On January 21, 2016, the Federal Energy Regulatory Commission (FERC) issued a final rule adopting seven revised critical infrastructure protection (CIP) Reliability Standards addressing cybersecurity of the electric grid, as initially proposed in July 2015. The revised standards were developed by the North American Electric Reliability Corporation (NERC), the FERC-certified Electric Reliability Organization, in response to FERC Order No. 791.
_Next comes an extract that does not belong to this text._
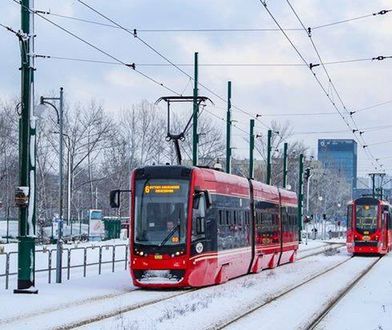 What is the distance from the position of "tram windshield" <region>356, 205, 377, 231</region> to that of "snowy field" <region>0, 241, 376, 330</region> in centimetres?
2011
The revised standards, effective on July 1, 2016, are:
- CIP-003-6 (Security Management Controls), specifying security management controls that establish responsibility and accountability to protect grid cyber systems against compromise;
- CIP-004-6 (Personnel and Training), requiring an appropriate level of personnel risk assessment, training, and security awareness in support of protecting grid cyber systems;
- CIP-006-6 (Physical Security of BES Cyber Systems), specifying a physical security plan to manage physical access to grid cyber systems;
- CIP-007-6 (Systems Security Management), specifying select technical, operational, and procedural requirements to manage system security by;
- CIP-009-6 (Recovery Plans for BES Cyber Systems), specifying recovery plan requirements in support of the continued stability, operability, and reliability;
- CIP-010-2 (Configuration Change Management and Vulnerability Assessments), specifying configuration change management and vulnerability assessment requirements to prevent and detect unauthorized changes to grid cyber systems; and
- CIP-011-2 (Information Protection), specifying information protection requirements to prevent unauthorized access to grid cyber systems information.
The final rule also includes a number of directives for NERC intended to facilitate enhanced protection of information and the physical security of cyber systems. The final rule also announces a FERC staff-led technical conference on January 28, 2016 to address the development by NERC of requirements for supply chain management for control system hardware, software and service.